§ **Task to carry out**
Copy out the entries below exactly as they stand, but only from the line containing "资产评估师考试报名费能用支付宝交费吗？" through the line containing "Ivan's War: Life".

§ **Excerpted records**
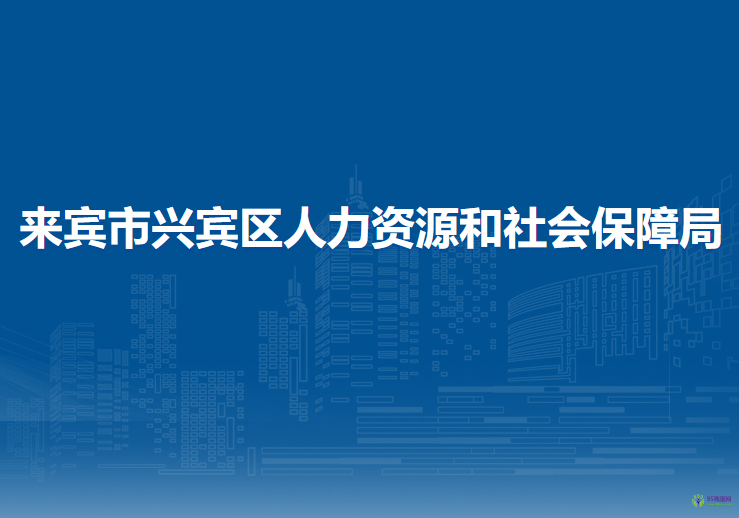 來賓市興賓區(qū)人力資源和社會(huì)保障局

==

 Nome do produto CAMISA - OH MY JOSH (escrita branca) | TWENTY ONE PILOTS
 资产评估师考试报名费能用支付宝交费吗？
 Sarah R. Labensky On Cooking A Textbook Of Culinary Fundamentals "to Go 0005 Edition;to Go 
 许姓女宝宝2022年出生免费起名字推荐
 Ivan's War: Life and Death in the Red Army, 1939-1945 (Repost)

§ **Answer section**
 资产评估师考试报名费能用支付宝交费吗？
 Sarah R. Labensky On Cooking A Textbook Of Culinary Fundamentals "to Go 0005 Edition;to Go 
 许姓女宝宝2022年出生免费起名字推荐
 Ivan's War: Life and Death in the Red Army, 1939-1945 (Repost)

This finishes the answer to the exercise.